Народ обратился к этим людям. Они приостановились и рассказывали, как подле самих их ядра попали в дом. Между тем другие снаряды, то с быстрым, мрачным свистом – ядра, то с приятным посвистыванием – гранаты, не переставали перелетать через головы народа; но ни один снаряд не падал близко, все переносило. Алпатыч садился в кибиточку. Хозяин стоял в воротах.
– Чего не видала! – крикнул он на кухарку, которая, с засученными рукавами, в красной юбке, раскачиваясь голыми локтями, подошла к углу послушать то, что рассказывали.
– Вот чуда то, – приговаривала она, но, услыхав голос хозяина, она вернулась, обдергивая подоткнутую юбку.
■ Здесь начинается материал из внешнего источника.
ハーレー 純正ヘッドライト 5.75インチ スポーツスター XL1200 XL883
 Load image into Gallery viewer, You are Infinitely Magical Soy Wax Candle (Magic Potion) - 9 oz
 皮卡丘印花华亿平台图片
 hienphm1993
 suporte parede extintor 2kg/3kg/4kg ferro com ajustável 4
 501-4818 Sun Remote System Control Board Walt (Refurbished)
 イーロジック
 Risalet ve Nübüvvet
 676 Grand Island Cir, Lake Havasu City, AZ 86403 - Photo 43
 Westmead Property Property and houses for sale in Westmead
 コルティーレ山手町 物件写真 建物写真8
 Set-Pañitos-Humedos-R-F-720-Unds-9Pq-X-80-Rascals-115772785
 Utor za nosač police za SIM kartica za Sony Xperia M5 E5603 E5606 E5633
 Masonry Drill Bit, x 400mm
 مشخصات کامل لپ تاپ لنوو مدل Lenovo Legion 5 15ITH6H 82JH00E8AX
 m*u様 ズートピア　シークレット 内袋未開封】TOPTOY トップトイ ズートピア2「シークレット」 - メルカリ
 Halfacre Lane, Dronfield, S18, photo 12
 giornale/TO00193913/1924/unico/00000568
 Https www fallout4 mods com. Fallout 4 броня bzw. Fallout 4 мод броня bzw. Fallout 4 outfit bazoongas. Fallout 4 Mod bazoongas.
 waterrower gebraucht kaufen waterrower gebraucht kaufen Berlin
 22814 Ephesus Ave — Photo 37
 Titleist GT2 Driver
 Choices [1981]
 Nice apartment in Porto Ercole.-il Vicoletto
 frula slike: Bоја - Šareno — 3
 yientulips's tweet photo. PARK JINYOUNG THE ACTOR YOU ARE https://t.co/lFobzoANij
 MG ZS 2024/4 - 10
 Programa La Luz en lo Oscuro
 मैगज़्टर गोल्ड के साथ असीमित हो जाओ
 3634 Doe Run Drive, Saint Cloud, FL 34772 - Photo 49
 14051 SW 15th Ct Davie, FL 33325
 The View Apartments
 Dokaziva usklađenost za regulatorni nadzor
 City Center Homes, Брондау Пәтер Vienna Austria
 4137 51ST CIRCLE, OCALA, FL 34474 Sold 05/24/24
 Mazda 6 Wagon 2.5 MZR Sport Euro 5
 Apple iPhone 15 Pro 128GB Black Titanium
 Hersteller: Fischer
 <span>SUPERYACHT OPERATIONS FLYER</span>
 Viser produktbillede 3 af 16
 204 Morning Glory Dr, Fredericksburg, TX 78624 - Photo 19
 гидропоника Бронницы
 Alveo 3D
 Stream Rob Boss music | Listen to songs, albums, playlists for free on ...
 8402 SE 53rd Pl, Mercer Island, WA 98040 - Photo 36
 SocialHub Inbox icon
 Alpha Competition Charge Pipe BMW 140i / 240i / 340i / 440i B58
Опять, но очень близко этот раз, засвистело что то, как сверху вниз летящая птичка, блеснул огонь посередине улицы, выстрелило что то и застлало дымом улицу.
– Злодей, что ж ты это делаешь? – прокричал хозяин, подбегая к кухарке.
В то же мгновение с разных сторон жалобно завыли женщины, испуганно заплакал ребенок и молча столпился народ с бледными лицами около кухарки. Из этой толпы слышнее всех слышались стоны и приговоры кухарки:
– Ой о ох, голубчики мои! Голубчики мои белые! Не дайте умереть! Голубчики мои белые!..
Через пять минут никого не оставалось на улице. Кухарку с бедром, разбитым гранатным осколком, снесли в кухню. Алпатыч, его кучер, Ферапонтова жена с детьми, дворник сидели в подвале, прислушиваясь. Гул орудий, свист снарядов и жалостный стон кухарки, преобладавший над всеми звуками, не умолкали ни на мгновение. Хозяйка то укачивала и уговаривала ребенка, то жалостным шепотом спрашивала у всех входивших в подвал, где был ее хозяин, оставшийся на улице. Вошедший в подвал лавочник сказал ей, что хозяин пошел с народом в собор, где поднимали смоленскую чудотворную икону.